Exercise aim
Reproduce the data in full, exactly as it appears.

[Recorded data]
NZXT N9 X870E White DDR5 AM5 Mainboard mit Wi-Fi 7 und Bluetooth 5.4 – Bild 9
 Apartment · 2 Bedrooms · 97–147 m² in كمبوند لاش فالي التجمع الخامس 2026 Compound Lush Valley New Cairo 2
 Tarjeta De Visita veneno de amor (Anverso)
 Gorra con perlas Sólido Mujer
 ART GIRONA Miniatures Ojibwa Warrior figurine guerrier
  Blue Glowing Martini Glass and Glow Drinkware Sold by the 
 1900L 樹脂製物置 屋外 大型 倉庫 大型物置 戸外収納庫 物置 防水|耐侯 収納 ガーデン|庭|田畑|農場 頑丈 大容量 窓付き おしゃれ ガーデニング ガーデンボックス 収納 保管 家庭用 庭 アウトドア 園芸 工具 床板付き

Solution to the exercise
NZXT N9 X870E White DDR5 AM5 Mainboard mit Wi-Fi 7 und Bluetooth 5.4 – Bild 9
 Apartment · 2 Bedrooms · 97–147 m² in كمبوند لاش فالي التجمع الخامس 2026 Compound Lush Valley New Cairo 2
 Tarjeta De Visita veneno de amor (Anverso)
 Gorra con perlas Sólido Mujer
 ART GIRONA Miniatures Ojibwa Warrior figurine guerrier
  Blue Glowing Martini Glass and Glow Drinkware Sold by the 
 1900L 樹脂製物置 屋外 大型 倉庫 大型物置 戸外収納庫 物置 防水|耐侯 収納 ガーデン|庭|田畑|農場 頑丈 大容量 窓付き おしゃれ ガーデニング ガーデンボックス 収納 保管 家庭用 庭 アウトドア 園芸 工具 床板付き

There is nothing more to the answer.